Image: Ethernet Cables Face Off
When the Federal Communications Commission (FCC) voted last month to study new rules preventing Internet service providers from prioritizing certain content along their networks, it reinvigorated a national debate on “net neutrality,” a term coined in 2003 by Columbia Law School professor Timothy Wu.

Wu continues to be on the front lines of the debate, having recently signed a friend-of-the-court brief urging the U.S. Court of Appeals for the D.C. Circuit to uphold sanctions against Comcast, the country’s largest cable provider.  The sanctions were put in place by the FCC because Comcast was blocking access to certain web traffic.

Net neutrality embodies the principle that the flow of all information along computer networks should be free of restrictions, principally those that would give priority to companies able to pay more for faster service.  That means that a home video sent by a person to family around the world would move along wired or wireless networks with no less priority than the traffic of well-heeled corporate clients who could pay for priority service.

In explaining his support for net neutrality, Wu has used the analogy of the nation’s electric grid, which doesn’t distinguish between electricity running a household toaster or an industrial mainframe computer.

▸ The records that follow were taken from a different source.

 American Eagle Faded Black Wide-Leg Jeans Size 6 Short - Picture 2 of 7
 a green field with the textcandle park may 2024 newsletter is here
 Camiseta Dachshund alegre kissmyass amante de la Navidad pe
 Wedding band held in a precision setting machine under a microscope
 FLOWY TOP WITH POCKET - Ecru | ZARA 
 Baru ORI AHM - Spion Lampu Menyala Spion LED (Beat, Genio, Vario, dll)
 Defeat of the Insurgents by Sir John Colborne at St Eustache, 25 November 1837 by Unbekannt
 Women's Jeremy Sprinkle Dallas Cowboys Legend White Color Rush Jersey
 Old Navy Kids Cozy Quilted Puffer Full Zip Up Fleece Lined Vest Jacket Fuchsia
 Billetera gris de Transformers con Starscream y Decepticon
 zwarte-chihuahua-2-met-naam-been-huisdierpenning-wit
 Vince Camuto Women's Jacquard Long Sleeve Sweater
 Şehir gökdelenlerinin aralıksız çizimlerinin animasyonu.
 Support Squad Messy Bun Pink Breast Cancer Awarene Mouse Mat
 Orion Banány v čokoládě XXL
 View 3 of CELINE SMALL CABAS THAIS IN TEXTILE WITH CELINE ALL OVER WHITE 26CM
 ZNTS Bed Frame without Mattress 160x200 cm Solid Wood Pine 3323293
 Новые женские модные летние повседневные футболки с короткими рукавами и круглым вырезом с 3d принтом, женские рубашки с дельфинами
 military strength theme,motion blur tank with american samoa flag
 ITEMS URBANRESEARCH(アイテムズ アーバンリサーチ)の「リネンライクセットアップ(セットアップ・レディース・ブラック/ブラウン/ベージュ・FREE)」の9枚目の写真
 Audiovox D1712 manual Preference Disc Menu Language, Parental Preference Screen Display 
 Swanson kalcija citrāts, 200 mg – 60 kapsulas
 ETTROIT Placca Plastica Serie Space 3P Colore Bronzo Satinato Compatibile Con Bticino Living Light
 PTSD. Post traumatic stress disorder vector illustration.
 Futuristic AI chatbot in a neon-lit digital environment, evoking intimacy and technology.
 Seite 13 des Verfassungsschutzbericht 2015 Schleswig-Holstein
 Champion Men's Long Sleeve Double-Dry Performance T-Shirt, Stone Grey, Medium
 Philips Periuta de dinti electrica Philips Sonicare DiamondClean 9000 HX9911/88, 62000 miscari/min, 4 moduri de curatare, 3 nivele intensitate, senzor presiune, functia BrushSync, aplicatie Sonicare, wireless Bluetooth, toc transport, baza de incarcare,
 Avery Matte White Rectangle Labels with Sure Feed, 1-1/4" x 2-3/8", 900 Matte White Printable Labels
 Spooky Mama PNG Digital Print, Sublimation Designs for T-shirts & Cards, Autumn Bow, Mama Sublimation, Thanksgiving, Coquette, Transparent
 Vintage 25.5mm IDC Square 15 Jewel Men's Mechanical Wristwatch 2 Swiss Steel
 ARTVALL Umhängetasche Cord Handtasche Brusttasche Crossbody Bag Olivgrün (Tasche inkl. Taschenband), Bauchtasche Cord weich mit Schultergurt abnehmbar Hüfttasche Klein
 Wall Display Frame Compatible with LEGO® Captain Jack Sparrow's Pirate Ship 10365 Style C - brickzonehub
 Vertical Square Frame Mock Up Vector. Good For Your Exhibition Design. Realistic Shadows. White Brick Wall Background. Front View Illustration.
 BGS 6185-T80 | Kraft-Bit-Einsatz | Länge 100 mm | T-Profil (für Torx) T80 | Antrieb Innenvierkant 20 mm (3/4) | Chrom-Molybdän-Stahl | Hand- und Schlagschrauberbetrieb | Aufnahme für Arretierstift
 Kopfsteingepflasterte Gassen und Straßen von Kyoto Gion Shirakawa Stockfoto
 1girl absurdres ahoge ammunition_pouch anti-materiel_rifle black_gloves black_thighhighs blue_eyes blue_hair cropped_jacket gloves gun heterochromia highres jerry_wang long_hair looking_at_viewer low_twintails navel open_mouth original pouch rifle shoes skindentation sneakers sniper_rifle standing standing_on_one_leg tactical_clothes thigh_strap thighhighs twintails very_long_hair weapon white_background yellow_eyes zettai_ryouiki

In the Comcast case, the company agreed not to discriminate against content on its network, but is still challenging the FCC’s authority to take action on matters of net neutrality. Major service providers, such as Comcast and AT&T, contend that not only does net neutrality trample free market rights, it leaves money on the table that providers could use to upgrade networks and create other innovations. 

Wu responds by turning again to the electric grid analogy.  “It did not discriminate and has supported giant waves of innovation in the appliance market,” he says, countering in the brief that failure to enforce net neutrality would stifle the Internet as an engine of innovation and economic growth.

President Obama has put his support behind net neutrality.  FCC Chairman Julius Genachowski (CC '85), who served as Obama’s campaign adviser on technology issues, is nevertheless planning to move cautiously during a 60-day comment period ending Jan. 14.

“The rise of serious challenges to the free and open Internet puts us at a crossroads,” Genachowski told an audience at The Brookings Institution in September. “We could see the Internet’s doors shut to entrepreneurs, the spirit of innovation stifled, a full and free flow of information compromised.”

Wu remains involved during this comment period.  Along with several other leading IP law professors, he sent a letter to the Washington Post, expressing concern that current language in the FCC's proposed rules would not sufficiently restrict the future actions of internet service providers.